Careful planning critical for bequests to dependent child

By Rob Lamberti, contributor

Financial planning for a child deemed incompetent is needed to ensure a smooth transition and inheritance through succession law, says Ottawa disabilities and estate planning lawyer Kenneth Pope.

It's a layered and at times confusing process where legal guidance is suggested, especially for family members already tasked with caring for a dependent, Pope tells

Parents can begin building a nest egg for their dependent child through the Registered Disability Savings Plan (RDSP). But to secure the proper path to bequeath funds requires the writing of wills, powers of attorney and assignment of guardianship, Pope says.

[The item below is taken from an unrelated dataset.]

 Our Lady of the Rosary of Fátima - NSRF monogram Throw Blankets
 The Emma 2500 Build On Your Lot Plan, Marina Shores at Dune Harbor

"I try to deliver peace of mind to my clients," says the principal of Kenneth C. Pope Law.

"Where the child is competent, we would do wills. When they’re not, we follow a different protocol," Pope says.

The client must be eligible for the Disability Tax Credit before opening an RDSP account. If the child is a minor, the parent should also apply for the Canada Child Tax Benefit, he adds.

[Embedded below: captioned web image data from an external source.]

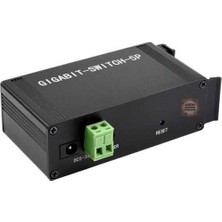 Meon Robotik Otomasyon Gigabit Endüstriyel 5 Port Ethernet Switch - Dın Ray Montajlı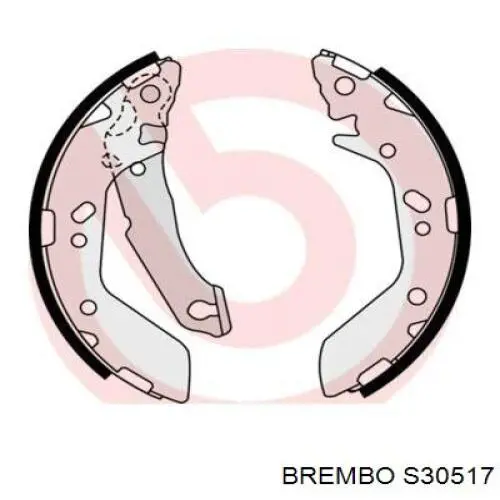 S 30 517 Brembo zapatas de frenos de tambor traseras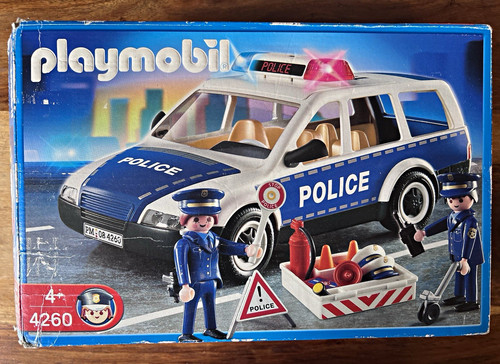 Playmobil 4260 police car - police,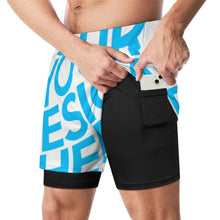 Lade das Bild in den Galerie-Viewer, Einzelbild-Design Herren Bademode Badehose Sport Beachshorts Männer mit Fotos Muster Text Logo selbst gestalten und bedrucken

There is no limit on the amount that can be contributed to an RDSP in a given year. The federal government offers $3,500 annually to families earning less than $90,563, which includes everyone on ODSP, depending on family contributions. However, the overall lifetime cap is currently $200,000, but it excludes other contributions and bonds paid into the plan, Pope explains.

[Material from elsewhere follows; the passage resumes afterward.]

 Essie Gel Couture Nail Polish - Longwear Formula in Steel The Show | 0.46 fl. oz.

A Canada Disability Savings Bond worth up to $1,000 is available for those earning $21,287 or less a year and, in this province, the Ontario Disability Savings Plan allows for further assistance based on income.

Pope uses an example of a $120,000 contribution that eventually adds up to about $500,000 — assuming an annual growth rate of five per cent — by the time the child withdraws funds at age 60.

"People should have wills and powers of attorney, although only 50 per cent of the population has a will," Pope says. "Those who have a child with special needs should also have a Henson Trust and only a very small proportion have that.

"That's a keystone of our service," he says.

Pope says the next focus is on powers of attorney.

"You look at whether the child has the minimal level of competence to assign powers of attorney for property and personal care.

"If they're competent, they can write a will, but RDSPs can't be designated in the same way as other insurance assets.

"If the child is deemed to be not competent, they can't do a will," he says. "If he or she predeceases the parents, who in most cases have made the contributions, by intestacy, the money would be passed by succession law.

"If there are surviving siblings, a guardianship application can be made to have one designated as the child's legal guardian. That allows them to manage pensions and the RDSP. Be aware, though, that when the child dies these assets can't be accessed until someone applies for probate," he says.

The process is at times unnecessarily complicated for those deemed legally incompetent and dependent, Pope says, noting that RDSPs were introduced in 2008 and were initially limited to those considered competent unless someone was their legal guardian, which then involved a legal guardianship application.

At that time, if a person was deemed incompetent, there was "no power of attorney and there was no automatic legal guardianship," he says. "Parents assumed they were legal guardians but that’s not the case.

"A couple of years later, the government decided they would allow the parent of an incompetent adult or child to be the account holder of an RDSP," he says. "This was progress.

"Since 2009, our firm has been doing more legal guardianship applications so these accounts could be set up," he says. "It's an unfortunate thing to miss out on possibly $4,500 a year."

Pope says a child can potentially access funds from another source if a parent holds a defined benefit pension plan, such as the Teachers' Pension Plan, OMERS or CAAT. If the parent dies, the disabled child is eligible for the dependent survivor's pension.

"If you are a teacher who retires with a $60,000 pension and have an adult dependent child who has, for example, autism, the child stands to receive 50 per cent of your pension when you die," he explains.

But the child requires someone to oversee the pension income, Pope says.

"Suppose he is in a supported living environment and this pension is his money," he says. "Somebody has to be his legal representative, either being his power of attorney or acting as his legal guardian. They then have to apply for the pension to receive and manage it."

In many cases, the child’s needs are not significant when they live in a care facility, which would leave a large portion of the pension accumulating in an account, Pope says.

"He dies intestate and the power of attorney ends.

"Again someone has to apply to become the administrator of his estate and then by succession law, they receive that inheritance," Pope says. "That child could have an accumulated RDSP and an unspent pension, and there may be a significant amount left when they die."

If the RDSP is substantial, the parents or a sibling(s) must file a probate application with a court to become the administrator of the estate, Pope says.

The line of succession usually begins with the parents, then siblings, and then aunts and uncles, but Pope says in many cases, it ends up with cousins, he says

"Quite often, these cousins have had nothing to do with the child, yet they're going to get a share of a sizeable amount of money," Pope says.